TORONTO (Canadian OH&S News)

The Workplace Safety and Insurance Board (WSIB) in Ontario has given the green light to OxyNEO, a replacement painkiller to the much-maligned OxyContin.

Purdue Pharma, makers of the drugs, discontinued OxyContin at the beginning of March. The prescription painkiller is used to control moderate to severe pain and contains oxycodone in a controlled-release tablet that provides 12-hour pain relief.

The new tablets are more resistant to breaking, crushing or chewing and, when in contact with water, become gel-like instead of dissolving, the company says in a statement. This makes it more difficult for the drugs to be abused through injections or snorting for the high it can cause.

“The WSIB wants to make sure workers are getting the best medical care and providing coverage for OxyNEO as a replacement for OxyContin is an important part of helping workers recover while reducing the risk of addiction or other complications,” says Donna Bain, vice-president of health services at the WSIB, adding that the cost of the drugs is very comparable.
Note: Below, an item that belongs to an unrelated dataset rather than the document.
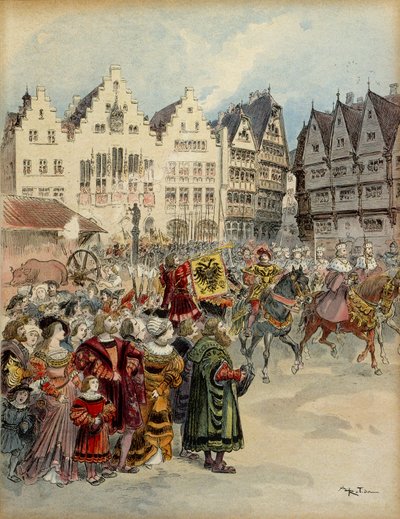 Wahl von Karl V. (1500-1558) zum Kaiser von Deutschland am 28. Juni 1519. Der Zug der sieben Kurfürsten zieht durch die Straßen von Frankfurt (Deutschland). Illustration von Albert Robida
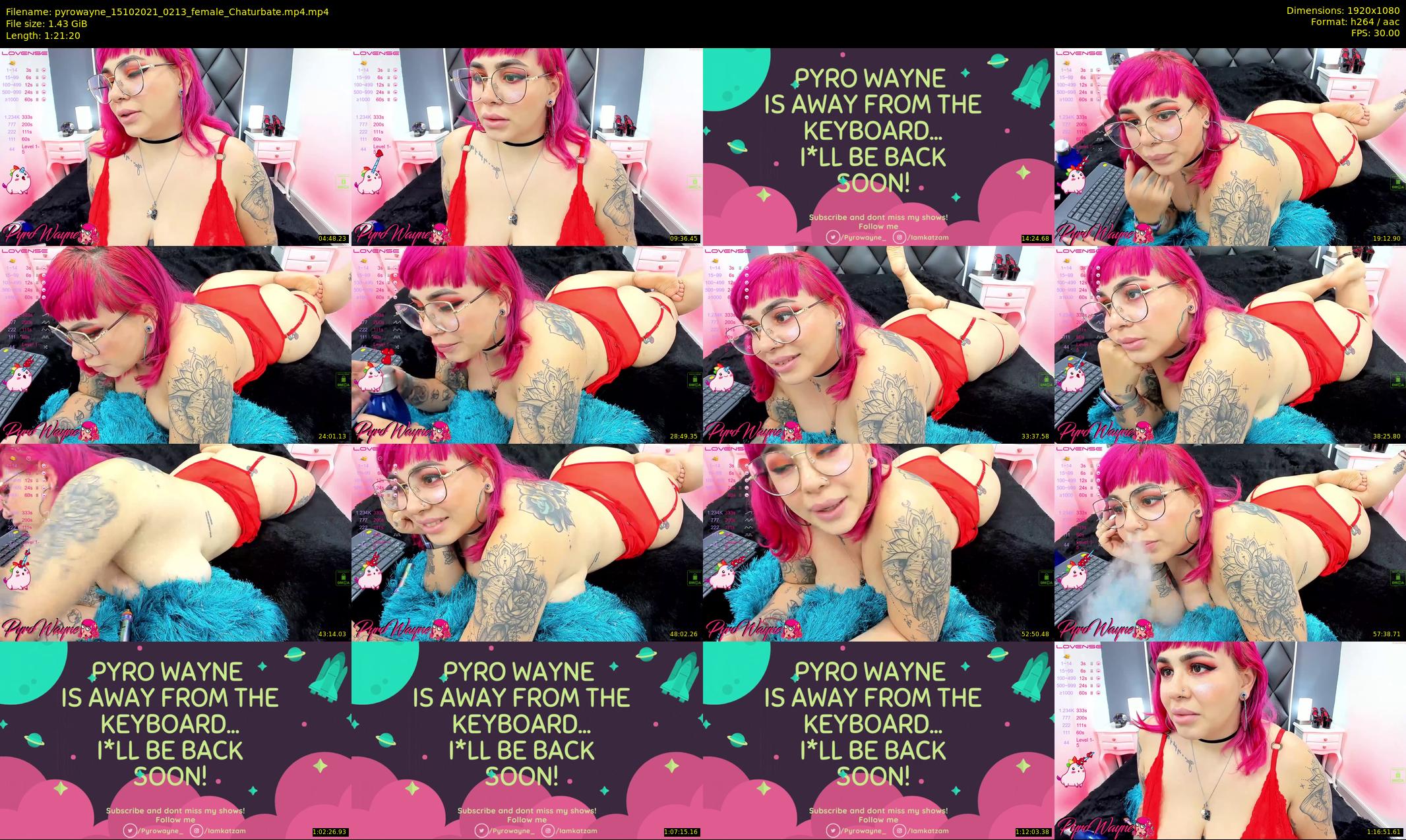 pyrowayne — 82 minute Chaturbate female cam show recording, 1080p, Oct 15, 2021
In 2011 there were about 6,000 workers covered for OxyContin prescriptions — less than 10 per cent of all workers who have a drug bill paid by the WSIB, she says. “As information comes out about OxyNEO, because it’s new to the market, we want to make sure we stay on top of that, always with a view towards what is appropriate and safe for our population.”

Because the drugs are not interchangeable, workers who are covered for OxyContin use by the WSIB will have to get a new prescription, a situation that could cause problems for many workers already taking the drug, says Steve Mantis, secretary of the Ontario network of the Canadian Injured Workers Alliance.
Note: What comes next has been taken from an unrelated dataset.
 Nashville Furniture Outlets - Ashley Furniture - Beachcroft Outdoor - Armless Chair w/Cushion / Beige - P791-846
“Many injured workers feel somewhat overwhelmed by how the whole system works. They’re taking these painkillers and they lose some of the initiative to problem solve things themselves,” Mantis suggests, leading to situations where workers have to find out at the pharmacy that the WSIB won’t pay for their drugs anymore, creating a period when a worker’s medication runs out before they can get another appointment with their doctor, leaving them without medication.

Too much focus on prescription drugs: alliance

Mantis argues that the WSIB and the medical profession are still focusing too much on prescription drugs and not on alternative treatments such as physiotherapy and massage therapy.
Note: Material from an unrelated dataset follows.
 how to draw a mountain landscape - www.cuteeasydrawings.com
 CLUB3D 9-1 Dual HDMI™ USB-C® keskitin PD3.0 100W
“The WSIB, it’s been a real battle over a number of years to get them to cover those types of therapies, where the prescriptions from the doctor are much easier to cover. That’s led to a greater reliance on OxyContin, Percocets, different painkillers and it doesn’t need to be that way,” he argues. “Maybe we’ve all gone a little bit too far in prescribing this type of medication.”

For their part, the Workers’ Compensation Board of Nova Scotia and WorkSafeBC will also be covering OxyNEO, though like the WSIB, the Nova Scotia comp board is also reviewing other options.

Nova Scotia has about 200 workers currently covered for OxyContin or OxyNEO, and while numbers were not available for British Columbia, WorkSafeBC spent over $1M in OxyContin prescriptions for 2010.